▶ _What to do_: Look below for the line containing "Volkswagen T-Roc I", then write out that line and every line after it to the end, exactly, minus the pictures.

▶ _Material provided_:
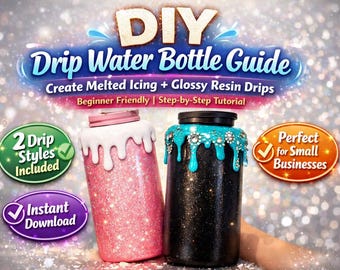 DIY Drip Water Bottle Guide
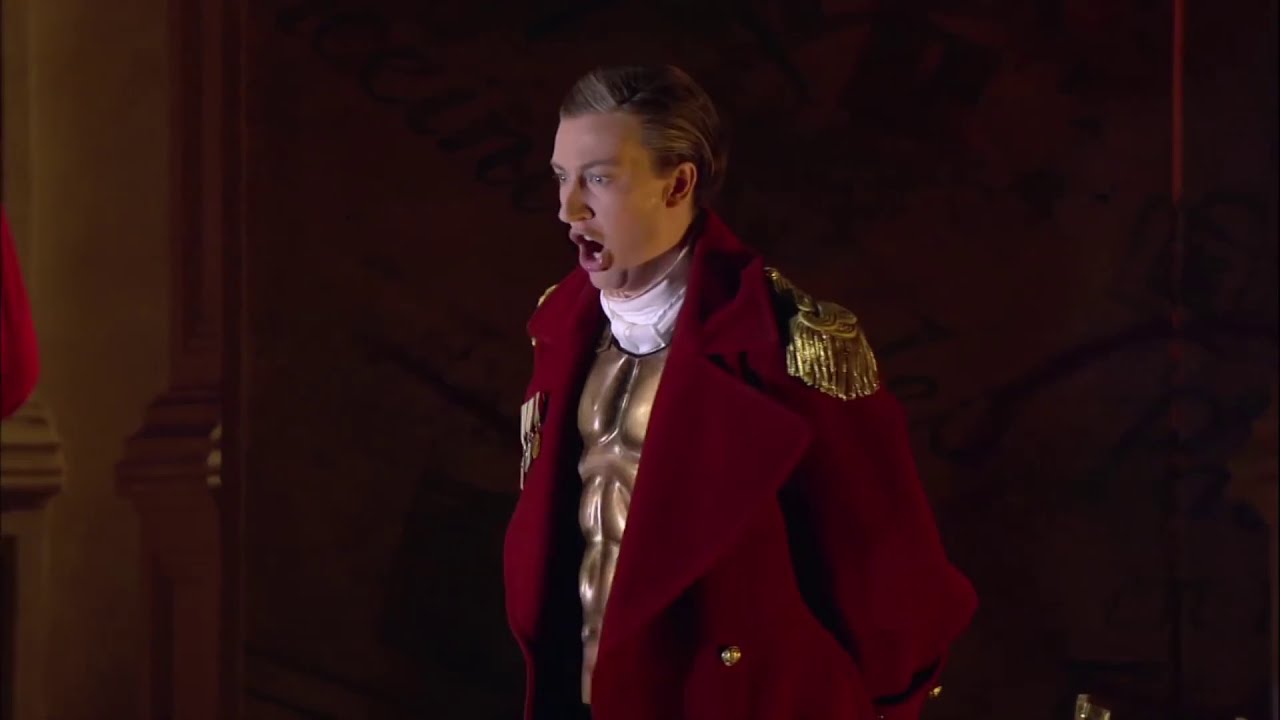 Handel: &lsquo;Va tacito&rsquo; from Giulio Cesare (Julius Caesar). Dame Sarah Connolly, mezzo soprano.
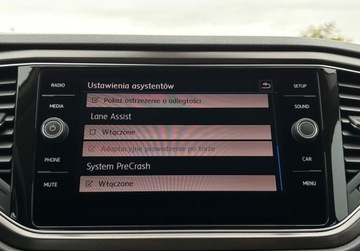 Volkswagen T-Roc I SUV 1.5 TSI ACT 150KM 2018 Volkswagen T-Roc Advance, ACC, Czujniki parkowania, Asystenci, Serwisowany, zdjęcie 26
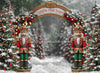 Santa Village Nutcracker Tree Farm (JA)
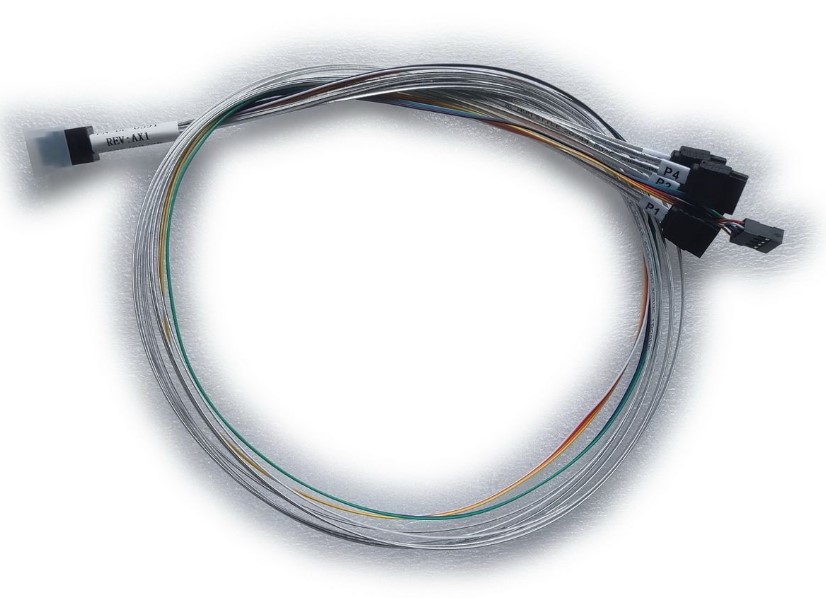 

Кабель DiliVing DL-0591 SFF8643-to-4*SATA+SB Crossover, 75 cm, DL-0591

▶ _Answer below_:
 Volkswagen T-Roc I SUV 1.5 TSI ACT 150KM 2018 Volkswagen T-Roc Advance, ACC, Czujniki parkowania, Asystenci, Serwisowany, zdjęcie 26
 Santa Village Nutcracker Tree Farm (JA)

Кабель DiliVing DL-0591 SFF8643-to-4*SATA+SB Crossover, 75 cm, DL-0591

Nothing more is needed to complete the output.